Re: Declarative GRAPH evaluation / operators? from Richard Newman on 2007-03-04 (public-rdf-dawg-comments@w3.org from March 2007)

From: Richard Newman <r.newman@reading.ac.uk>
Date: Sun, 4 Mar 2007 12:11:44 -0800
To: Chimezie Ogbuji <ogbujic@bio.ri.ccf.org>
Cc: public-rdf-dawg-comments@w3.org
Message-Id: <FBC86D21-4873-4BC2-B202-E37A4CCB4A68@reading.ac.uk>

Hi Chimezie,

   I'll answer your email in two parts :)

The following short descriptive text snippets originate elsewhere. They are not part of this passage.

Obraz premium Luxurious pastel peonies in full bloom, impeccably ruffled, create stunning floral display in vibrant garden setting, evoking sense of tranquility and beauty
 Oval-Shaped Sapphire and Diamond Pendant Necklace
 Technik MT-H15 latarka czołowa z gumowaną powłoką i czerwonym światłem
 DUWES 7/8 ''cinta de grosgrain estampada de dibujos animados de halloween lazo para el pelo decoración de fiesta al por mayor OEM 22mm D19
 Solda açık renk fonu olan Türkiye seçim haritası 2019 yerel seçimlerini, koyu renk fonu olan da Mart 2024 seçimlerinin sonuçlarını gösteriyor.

> Any well linked, semantic web of named RDF graphs (a FOAF network)  
> is also a candidate.  This query optimization opportunity scales  
> well with the size of such datasets.  Any guidance on semantics for  
> evaluating GRAPH operators declaratively (for RDF triples stores  
> which want to support this 'natively') would be much appreciated.

Here's my point of view.

A broad swathe of triple stores include a quad field in a triple,  
such that you can do a pattern retrieval including a graph:

   (?s ?p ?o ?g).

The SPARQL GRAPH clause expands naturally into quads: every contained  
triple pattern becomes a quad pattern, where the graph place is  
filled by the graph or variable mentioned in the clause.

For example:

>     GRAPH ?src
>     { ?x foaf:mbox <mailto:bob@work.example> .
>       ?x foaf:nick ?bobNick
>     }

=>
( ?x foaf:mbox <mailto:bob@work.example> ?src )
( ?x foaf:nick ?bobNick ?src )

For AllegroGraph, this was all I did; you can plan and execute these  
patterns, and the right bindings are generated. I've done literally  
nothing else, and those GRAPH queries work. Furthermore, the graph  
part is indexed, just like the rest, so these patterns are fast...  
and there's nothing procedural about it.

Now, back to the start of the email!

> A procedural evaluation requires an explicit iteration over the  
> IRIs of all the named graphs in the dataset.  The evaluation  
> semantics outlined in [SPARQL ALGEBRA] for the GRAPH operator  
> suggests this approach as does [SEMANTICS OF SPARQL]
>
> Alternatively, if the underlying RDF triple store required the  
> explicit use of on or more RDF graph IRIs when resolving patterns  
> (there are many that do), this would (at the very least) require  
> that the list of all IRIs in a dataset be cached or handy for such  
> scenarios.  This 'function' is defined as  name(D) in [SEMANTICS OF  
> SPARQL] and doesn't scale well as the number of named graphs  
> increases.

These problems arise because the index (or lack thereof) of graph  
URIs is not related to any indices for subject, predicate, and object  
places. E.g., if you could query on g just as easily as on s, p, o,  
and combinations of them, this problem just doesn't exist.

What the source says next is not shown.